I'd ask you to write out the lines below exactly, with no images.

*DATA SECTION:*
________

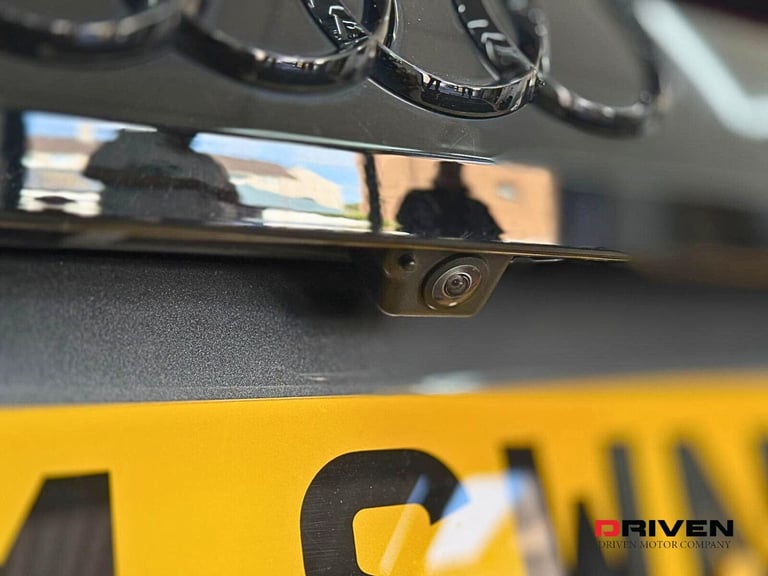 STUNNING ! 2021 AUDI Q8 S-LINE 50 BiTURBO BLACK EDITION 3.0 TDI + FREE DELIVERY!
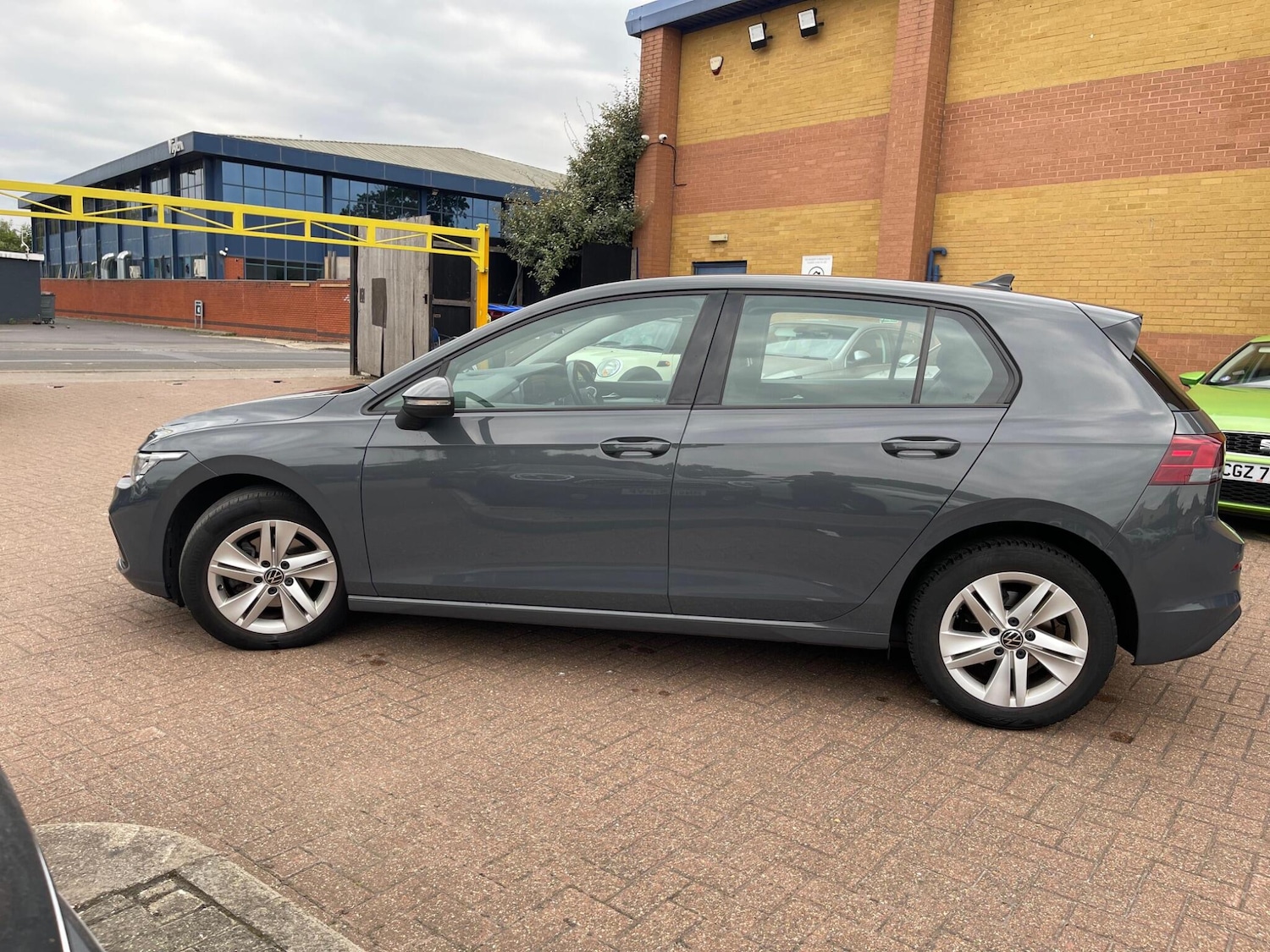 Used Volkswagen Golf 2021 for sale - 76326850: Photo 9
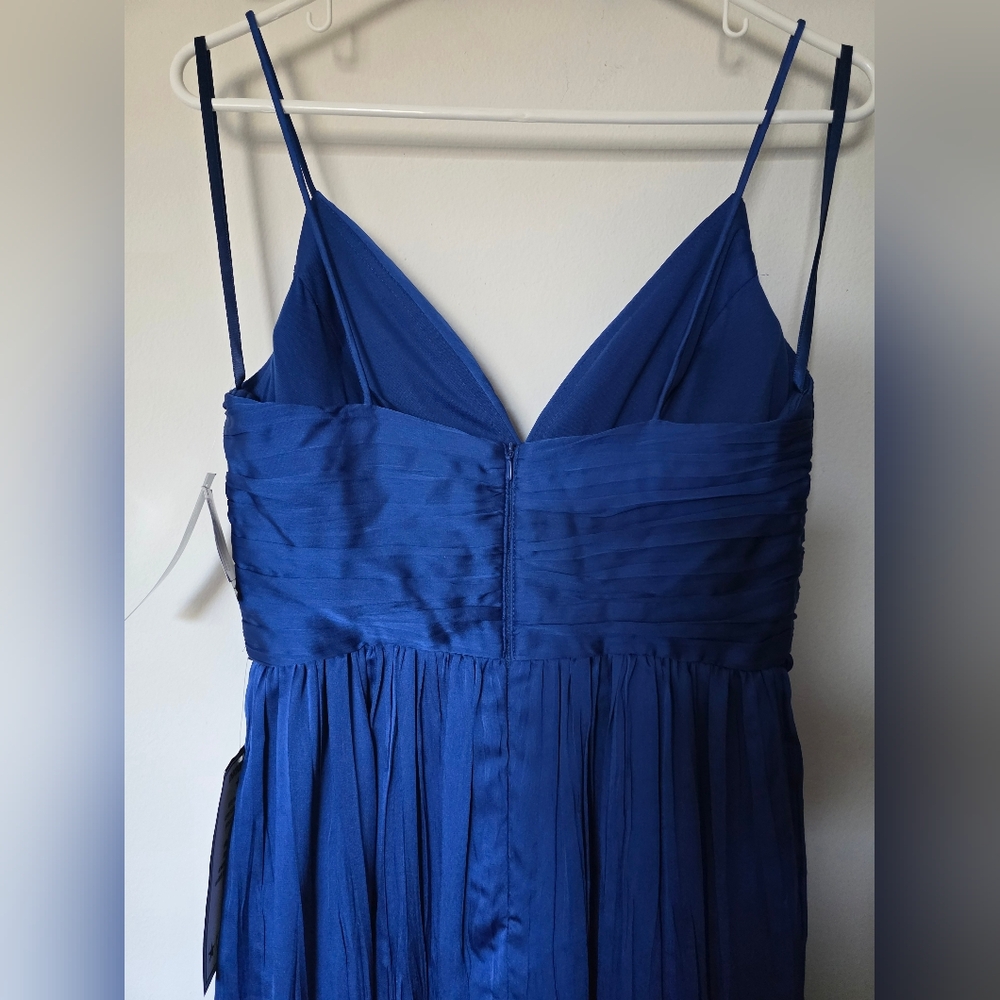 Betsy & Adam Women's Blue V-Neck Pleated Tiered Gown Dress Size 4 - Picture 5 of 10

________

*RESPONSE AREA:*
 STUNNING ! 2021 AUDI Q8 S-LINE 50 BiTURBO BLACK EDITION 3.0 TDI + FREE DELIVERY!
 Used Volkswagen Golf 2021 for sale - 76326850: Photo 9
 Betsy & Adam Women's Blue V-Neck Pleated Tiered Gown Dress Size 4 - Picture 5 of 10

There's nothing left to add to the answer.